Problem:
Transcribe every entry exactly; the images stay out.

Scraped caption text data:

┌──

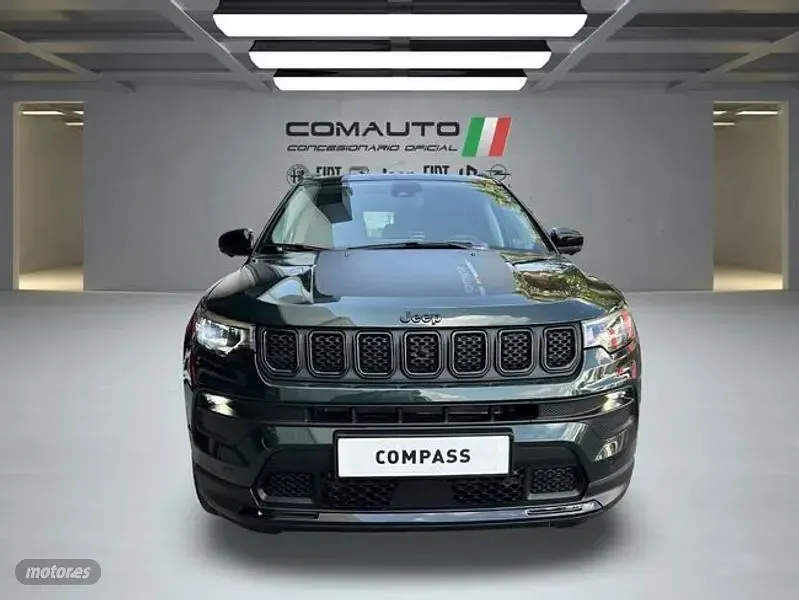 Nuevo Jeep Compass North 130 CV (95 kW) 2026 Verde SUV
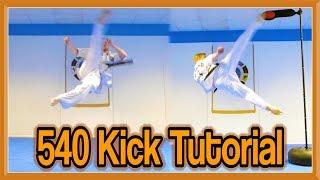 Taekwondo 540 Kick Tutorial (With Drills to Learn Quickly) | GNT How to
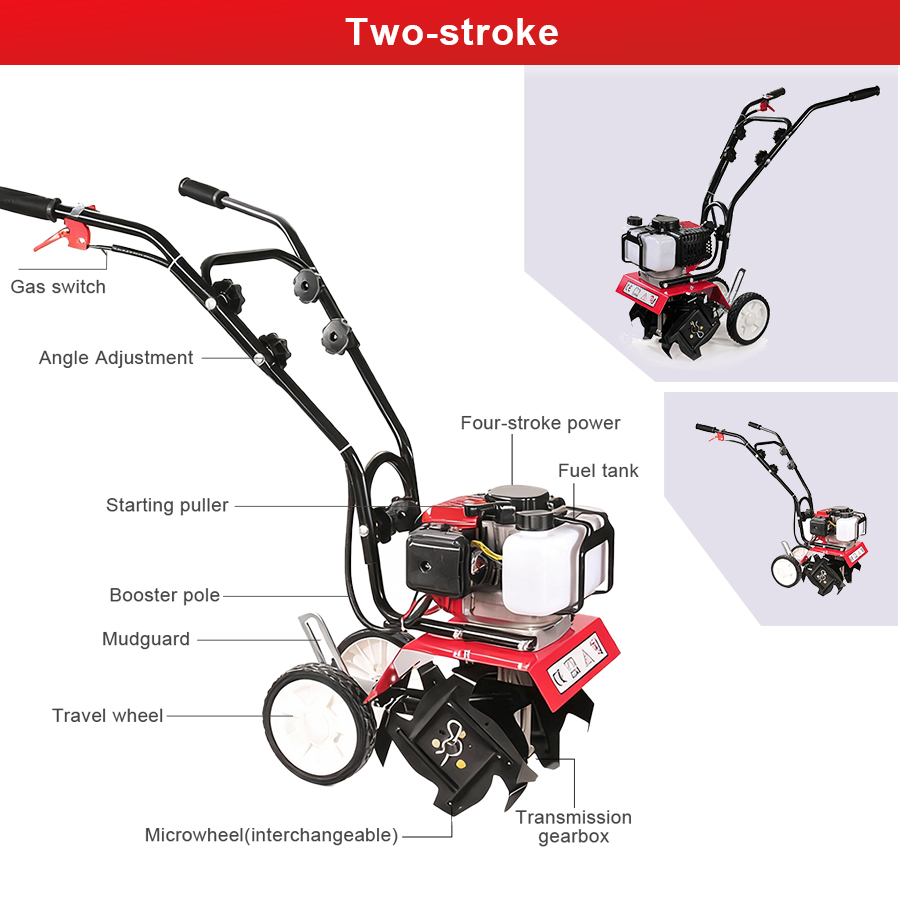 Tungfull Petrol Micro Cultivat - Farming Equipment For Agriculture review and price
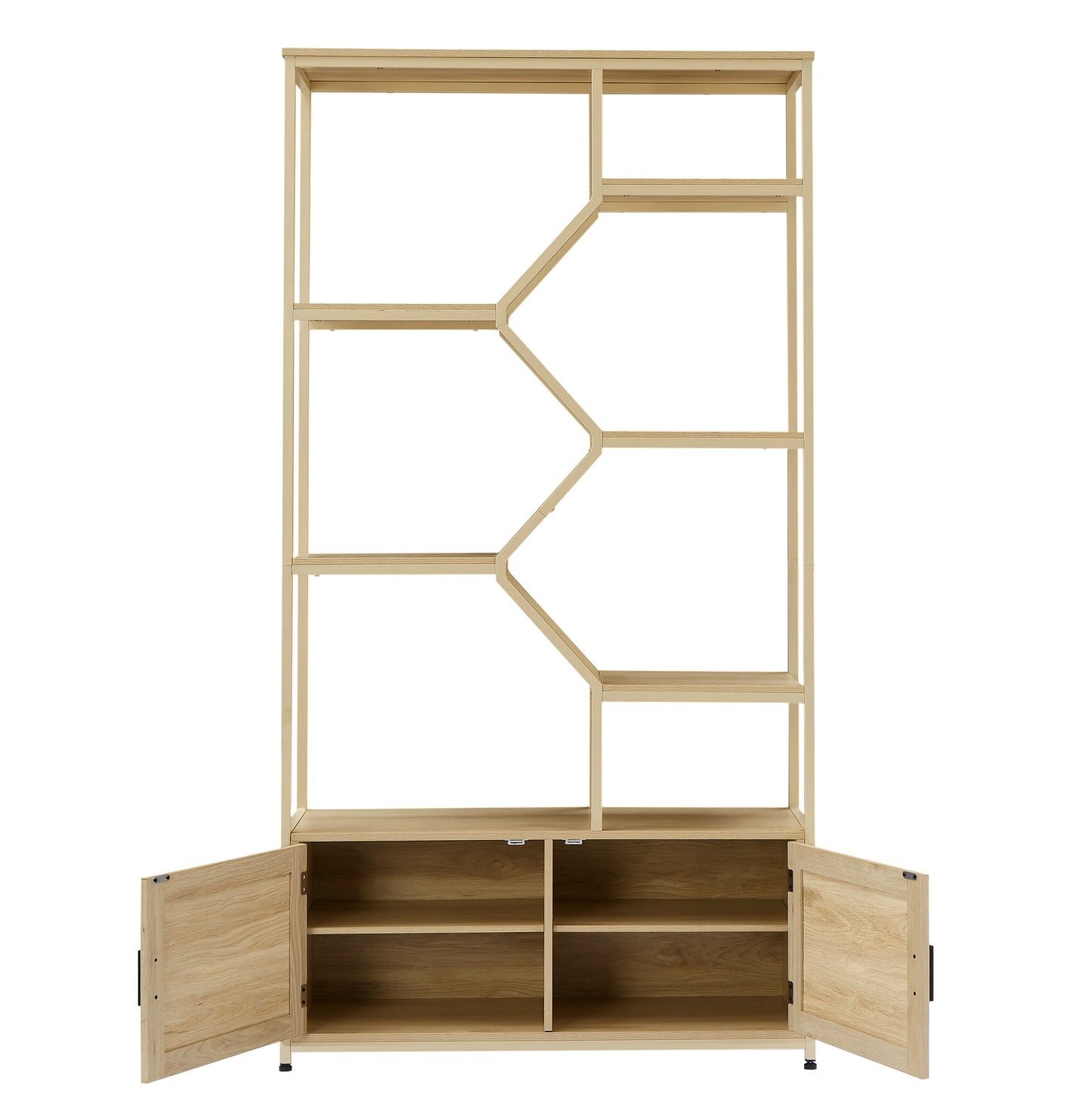 Bartholomew Modern Elegant Storage Shelve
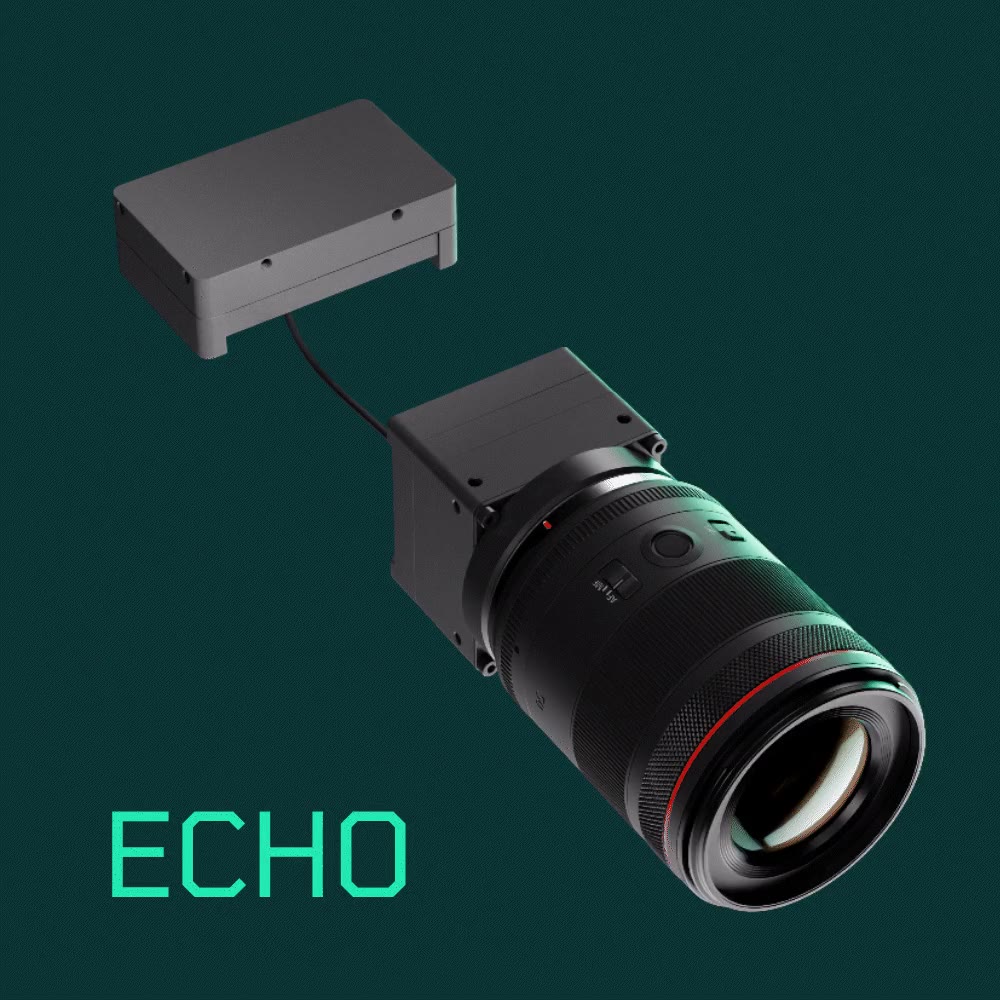 ROOK and ECHO 10K perception sensors shown side by side.
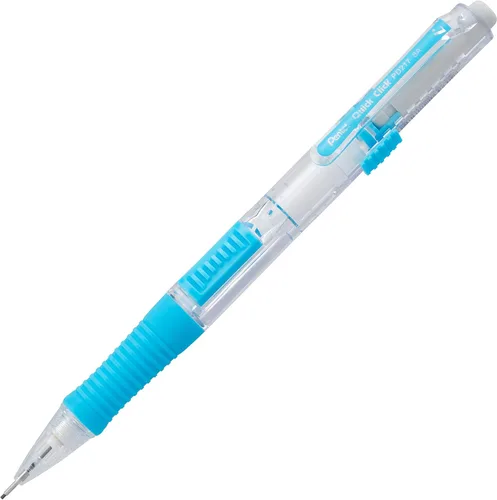 Vista 69 de Pentel QUICK CLICK - Portaminas mecánico (0.7mm), cuerpo verde, caja de 12 lápices (PD217D)
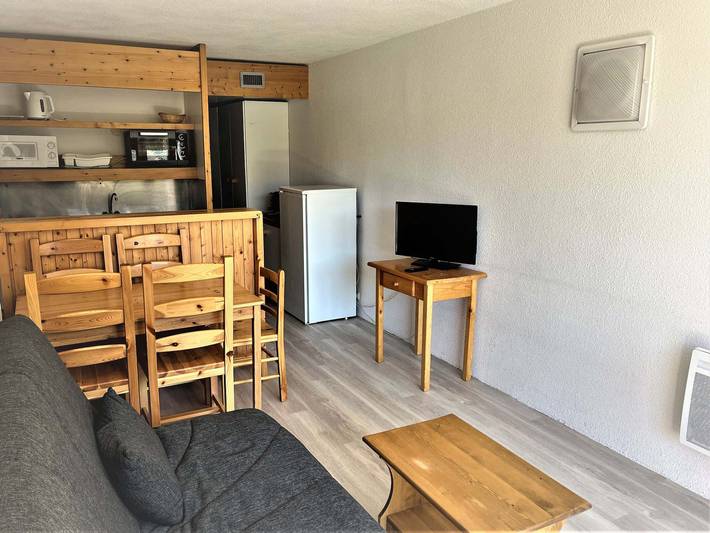 Apartment for 5 people, with Balcony in Les Arcs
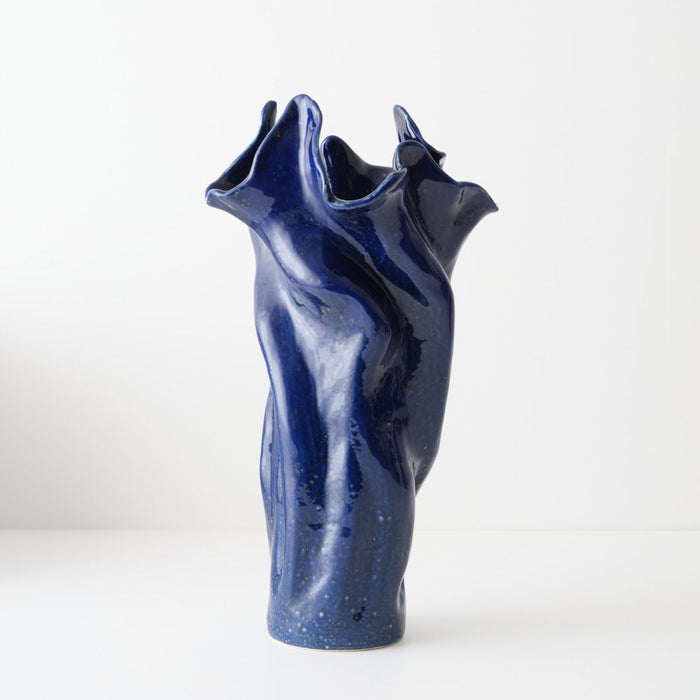 Mesa Vase 44cm Marine - Pack of 12 - FLORA DESIGNS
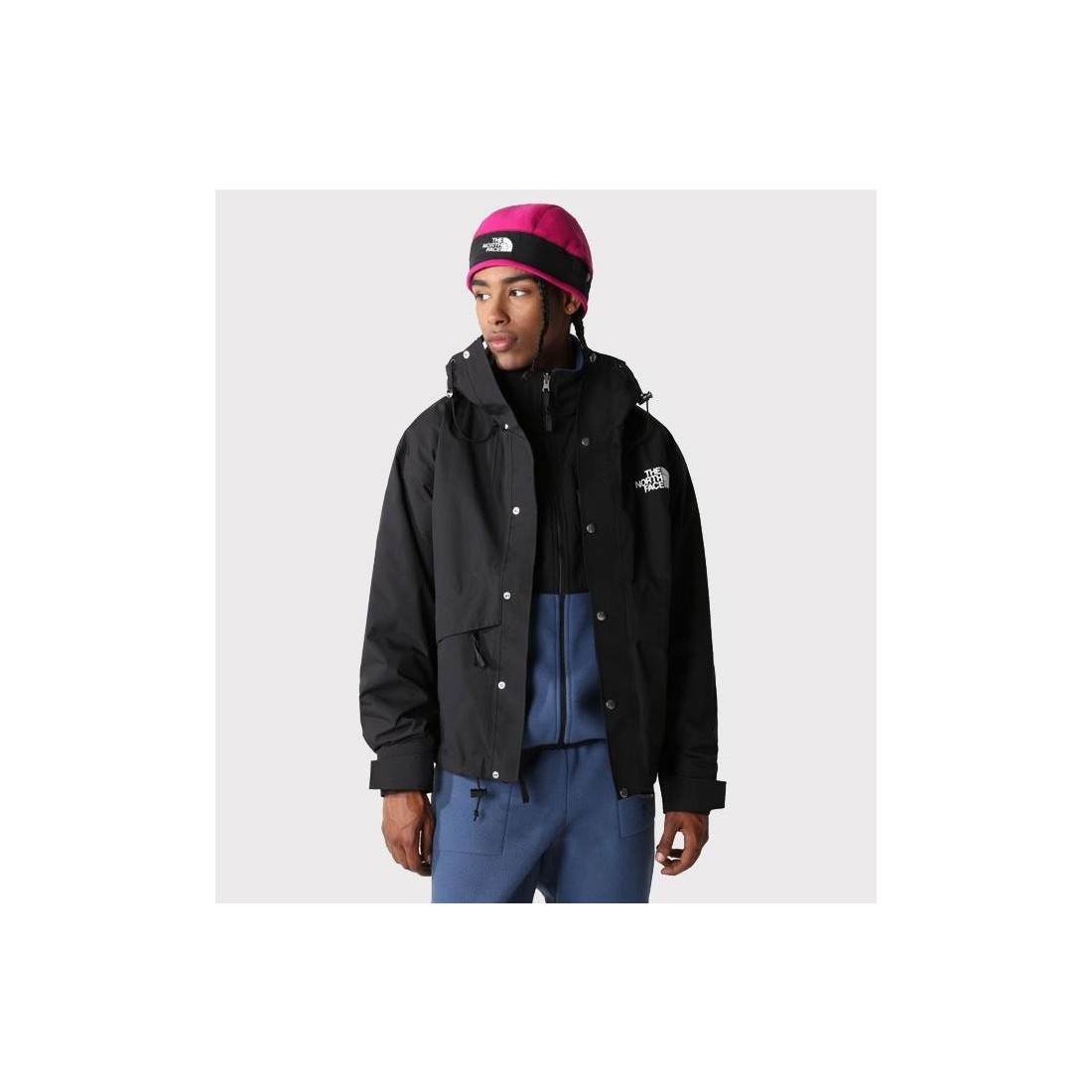 THE NORTH FACE 1986 RETRO NEGRO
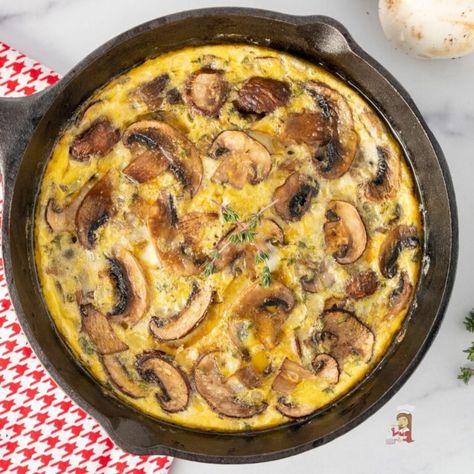 Lions Mane Mushroom Recipe, Fritata Recipe, Mushroom Frittata, Frittata Recipe, Lions Mane Mushroom, Frittata Recipes, Wild Mushroom, Incredible Recipes, Seasoning Blend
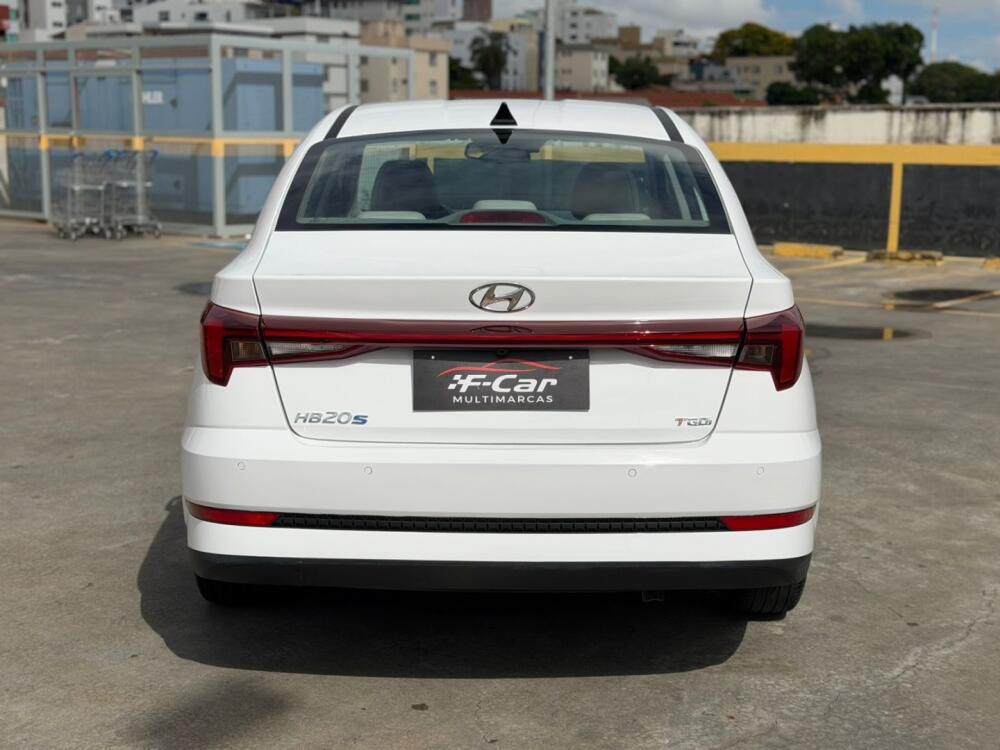 Hyundai HB20 S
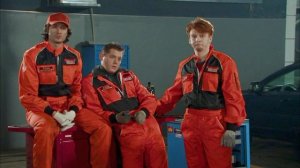 ЛЮБОВЬ НА КОЛЕСАХ - 4 серия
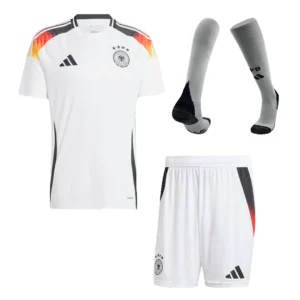 germany-home-soccer-jersey-kit-jersey-shorts-socks-euro-fan-version-01 Germany Home Soccer Jersey Kit(Jersey+Shorts+Socks) Euro β Fan Version β front view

└──

Output of the task:
 Nuevo Jeep Compass North 130 CV (95 kW) 2026 Verde SUV
 Taekwondo 540 Kick Tutorial (With Drills to Learn Quickly) | GNT How to
 Tungfull Petrol Micro Cultivat - Farming Equipment For Agriculture review and price
 Bartholomew Modern Elegant Storage Shelve
 ROOK and ECHO 10K perception sensors shown side by side.
 Vista 69 de Pentel QUICK CLICK - Portaminas mecánico (0.7mm), cuerpo verde, caja de 12 lápices (PD217D)
 Apartment for 5 people, with Balcony in Les Arcs
 Mesa Vase 44cm Marine - Pack of 12 - FLORA DESIGNS
 THE NORTH FACE 1986 RETRO NEGRO
 Lions Mane Mushroom Recipe, Fritata Recipe, Mushroom Frittata, Frittata Recipe, Lions Mane Mushroom, Frittata Recipes, Wild Mushroom, Incredible Recipes, Seasoning Blend
 Hyundai HB20 S
 ЛЮБОВЬ НА КОЛЕСАХ - 4 серия
 germany-home-soccer-jersey-kit-jersey-shorts-socks-euro-fan-version-01 Germany Home Soccer Jersey Kit(Jersey+Shorts+Socks) Euro β Fan Version β front view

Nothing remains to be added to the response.